Psychology, Risk and Learning

Psychology, Risk and Learning
A Human Dymensions Blog www.humandymensions.com

Thursday 2 August 2012

Mental Effort and Managing Risk


When we are put in a scary situation such as overtaking a car with little margin for error, people in the car stop talking.  We shift our energy from one focus to another.  The control of attention is shared by both rational and arational systems, the conscious and the unconscious both go to work.  Neuroscience tell us that the more we exert energy to attend to something, the more other parts of our system change.  It’s like the use of electricity, it takes more power to heat a room than to light a room.  The more intense the activity, the more energy is needed.  As we become skilled at a task, the less energy is needed, our brain has rewired and created quicker circuits for action.  This is why we require less concentration to do something after repetition, our brain wires in such a way that it becomes quicker and easier.  This is why we can multitask on familiar activities and why new activities are so demanding.

An interesting thing about mind and energy demand is that it can be measured.  Eckhard Hess described the pupil of the eye as the window to the soul.  The pupils are a sensitive indicator of mental effort, they dilate substantially the more effort is required for thinking.  This is quite distinct from emotional arousal.  Hess set up experiments with mental activity with people in a set up like an optician’s examination.  With the person’s head resting on a chin-and-forehead rest, Hess measured pupil dilation with a camera as subjects answered a range of difficult questions or were challenged by word or number puzzles.  Similar experiments were conducted by Daniel Kahneman which confirmed these findings.

So here is your experiment.  Hold your head steady and set up a video camera on a tripod focused on your face.  Next, work on some Rebus puzzles you have not seen before and see how you go.  Review the video and see if anything changed with your pupils.  Why does all this matter?  There are several reasons which relate to the way we manage risk at work, particularly: 
The pressure and expectations placed on newly inducted workers. 

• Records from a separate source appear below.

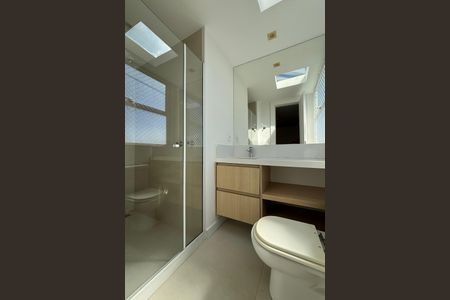 Apartamento à venda com 274m², 4 quartos e 2 vagasBanheiro da Suíte 1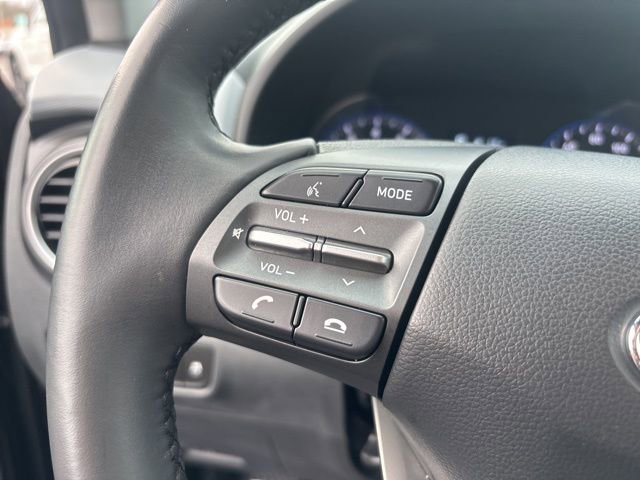 Used 2020 Hyundai Kona SEL w/ Cargo Package image 24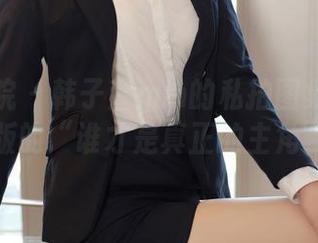 模范学院 - 韩子萱mm的私拍图集：教室版的“谁才是真正的主角”
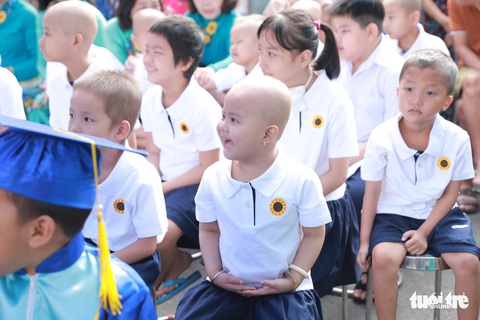 Lễ khai giảng ở bệnh viện của các chiến binh nhí - Ảnh 3. Lễ khai giảng ở bệnh viện của các chiến binh nhí - Ảnh 3.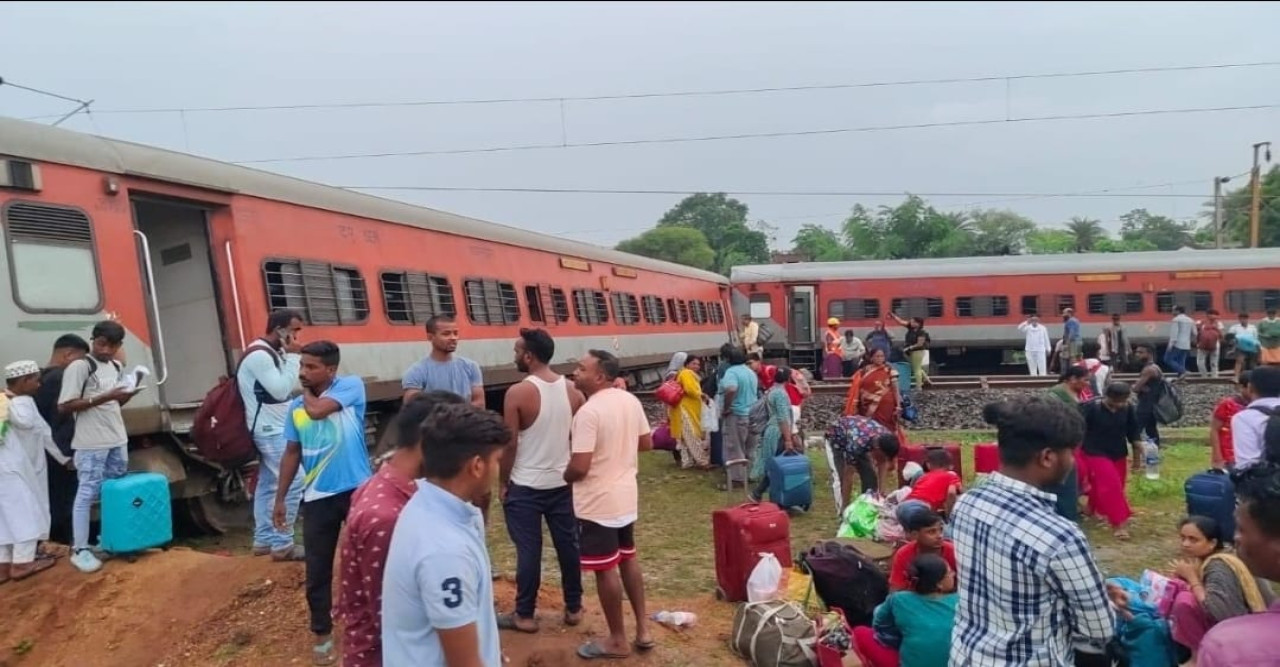 ঝাড়খণ্ডে ট্রেন দুর্ঘটনায় গুরুতর আহত মালদহের জামসেদ আলি,  সোহরাব আলি, কাদির শেখ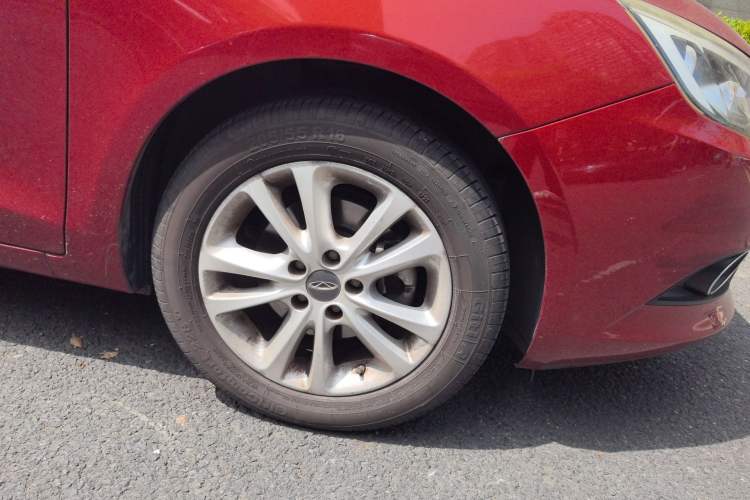 Used Chery Arrizo 7 2015 1.6L CVT ZhiXiang Edition Right Front Wheel Hub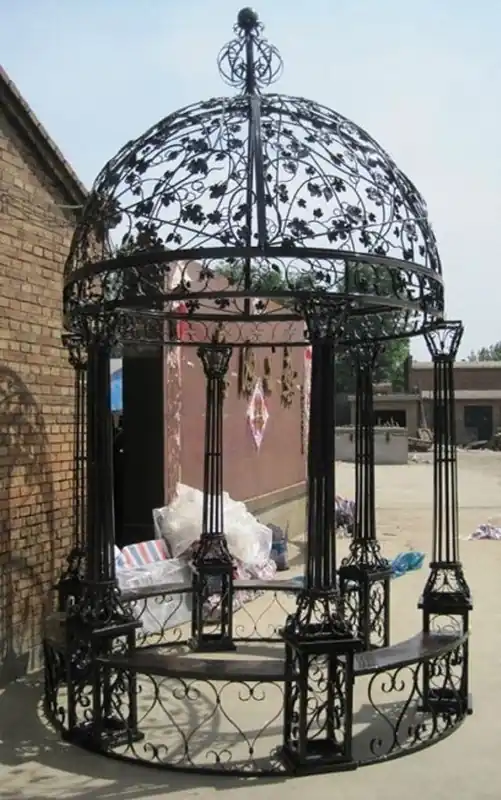 Sonderaktion Casa Padrino Luxus Barock Garten Pavillon Schwarz Ø 250 x H. 420 cm - Runder Schmiedeeisen Pavillon mit integrierten Sitzbänken - Prunkvolle Garten Deko im Barockstil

  1. Pressure placed on young people. 
  2. Mental fatigue before holiday breaks
  3. Complacency due to exhaustion before holiday breaks
  4. Assumptions about alertness with experienced people and,
  5. Effort required for concentration without breaks

When it comes to managing risk, nothing is straight forward.  Managing risk is like mixing a complex cocktail.  If someone has performed a high risk task many times, it is likely that their mind has rewired strongly and made the task easier for them.  They can now do that task and mulitask.  With neuron rewiring and ease, comes complacency and boredom.  With high attention tasks also comes fatigue.  Research by Kahneman shows that fatigue also drives higher risk taking.  Continuous and intense concentration is exhausting but too many interruptions and breaks also causes misdirection and lapses in perception.  The idea is to get the balance right.

A great deal of research has been undertaken on fatigue with Air Traffic Controllers.  Shifts, rosters, rest breaks and periods of concentration have received much attention in an effort to better manage risk, not so in many other industries.

As Christmas approaches work level usually increases as everyone tries to finish off work for the holiday period.  I met some managers recently who had worked for seven days a week, 12 hours a day for the last 5 months and were going to do so right up until Christmas Day. 

Research into solving Rebus puzzles shows that if you can’t solve a puzzle and have a health break of more than 20 minutes, you will solve it more quickly on your second attempt.  If however, the break is too short, it can actually take longer to solve the puzzle than if you had no break at all.  Try this as an experiment for yourself.

The point of this discussion is not about Rebus puzzles but about getting the balance right.  The truth is, the creation of attention and concentration don’t occur by accident, but we know that an accident is often connected to a lack of attention to understanding and managing what it is to be human.